Il territorio di Porchia è abitato fin dall’antichità, esistendo testimonianza della presenza di necropoli sia picene sia romane. La fondazione vera e propria risale però al IV secolo, durante le invasioni barbariche. Il borgo prende il nome di Porcia. Il castello porchiese sorge all’epoca delle incursioni saracene, intorno al IX secolo. Nel 1291 il papa ascolano Niccolò IV attribuisce al castello la prima forma di autonomia, ammettendolo all’elezione del podestà. Di lì a poco Porchia entra a far parte dei castelli di Ascoli, come baluardo nordorientale della città. Ascoli offre a sua volta aiuto militare al castello (1319-1321). Di questo status la frazione reca tuttora traccia, con la partecipazione della sua rappresentanza alla Quintana di Ascoli Piceno. Pur soggetta al comune di Ascoli, tuttavia, Porchia appartiene alla diocesi di Fermo, nella quale resterà fino al 1571, quando sarà aggregata alla diocesi di Ripatransone; nel 1586 poi il montaltese papa Peretti, Sisto V, elevando a sede vescovile la sua città, ne ricaverà il territorio appunto dalla diocesi ripana, scorporandone anche Porchia (14 novembre). Il primo vescovo di Montalto, Paolo Emilio Giovannini, è nativo del castello, e i fornaciai porchiesi forniscono i mattoni per la costruzione della nuova cattedrale. Il comune di Porchia cessa di esistere nel 1861, sopraggiunta l’Unità d’Italia, allorché un decreto piemontese lo accorpa definitivamente a Montalto delle Marche.

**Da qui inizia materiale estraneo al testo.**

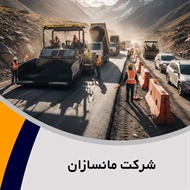 شرکت مانسازان گروه پیمانکار و شرکت ساختمانی و راه سازی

Il Torrione si trova nella frazione Porchia di Montalto delle Marche. La Struttura di forma pentagonale difesa da una possente scarpatura alla base che aveva lo scopo di assorbire e deviare i colpi delle bombarde, è coronato da merli di fattura ghibellina costruiti sopra una fila di beccatelli dove i difensori potevano, al riparo, operare e contrattaccare. Di origine trecentesca, è stato aggiornato nel quattrocento munendolo, oltre che della massiccia scarpatura, anche di diverse bombardiere e feritoie. Avente funzione di torre di comando, organizzava dall’alto le difese del borgo. Il lato rivolto verso l’interno è privo di copertura muraria. Molto scenografico nella sua collocazione, un tempo era circondato da altri edifici ora demoliti, che andavano a comporre le difese della parte alta del paese. Piuttosto ben tenuto, e sede dell’orologio cittadino, è visitabile tramite delle ripide scalinate in legno che salgono fino alla piattaforma superiore.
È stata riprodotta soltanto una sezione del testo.